Without any of the pictures, transcribe all the lines below exactly.

**STORED DATA:**
=== Begin Enclosure ===

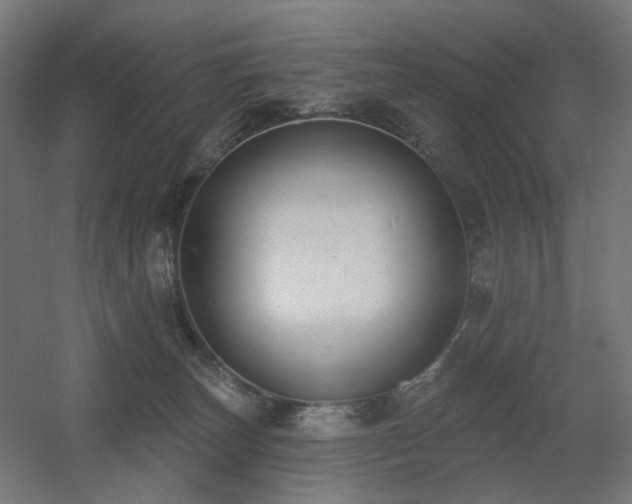 X0000060560179200511031252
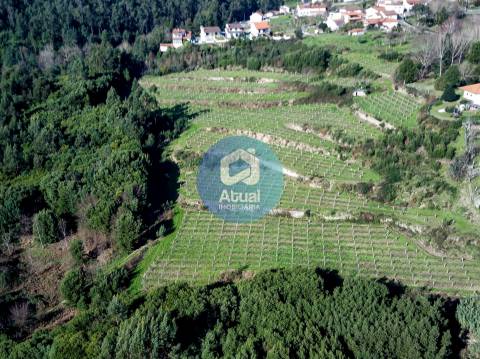 Quinta  Venda em Abragão,Penafiel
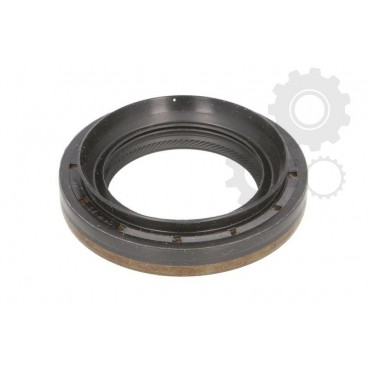 Simering ax cardanic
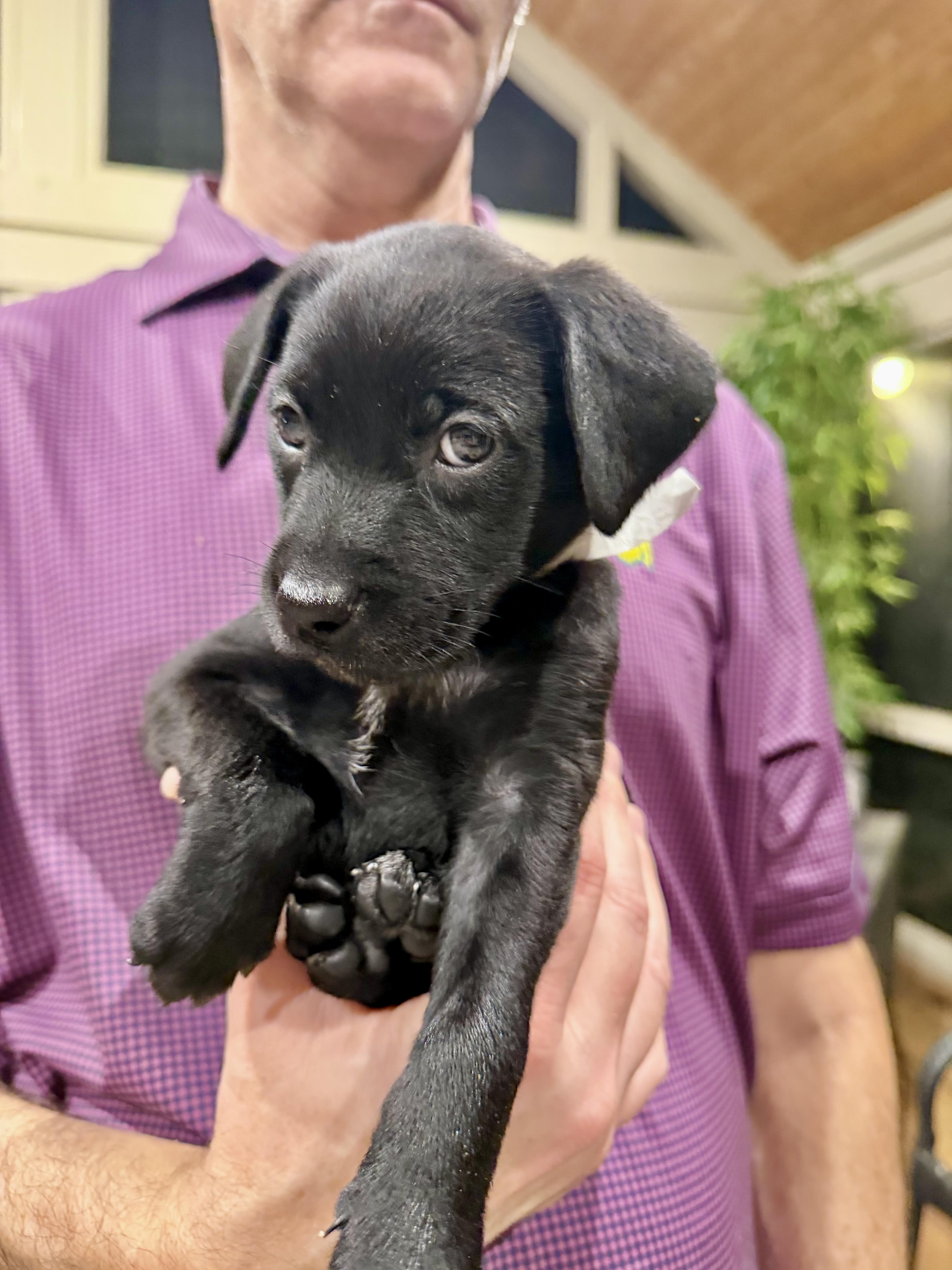 Kylie, an adopted Black Labrador Retriever in Memphis , TN image 3/3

=== End Enclosure ===

**FINISHED EXERCISE:**
 X0000060560179200511031252
 Quinta  Venda em Abragão,Penafiel
 Simering ax cardanic
 Kylie, an adopted Black Labrador Retriever in Memphis , TN image 3/3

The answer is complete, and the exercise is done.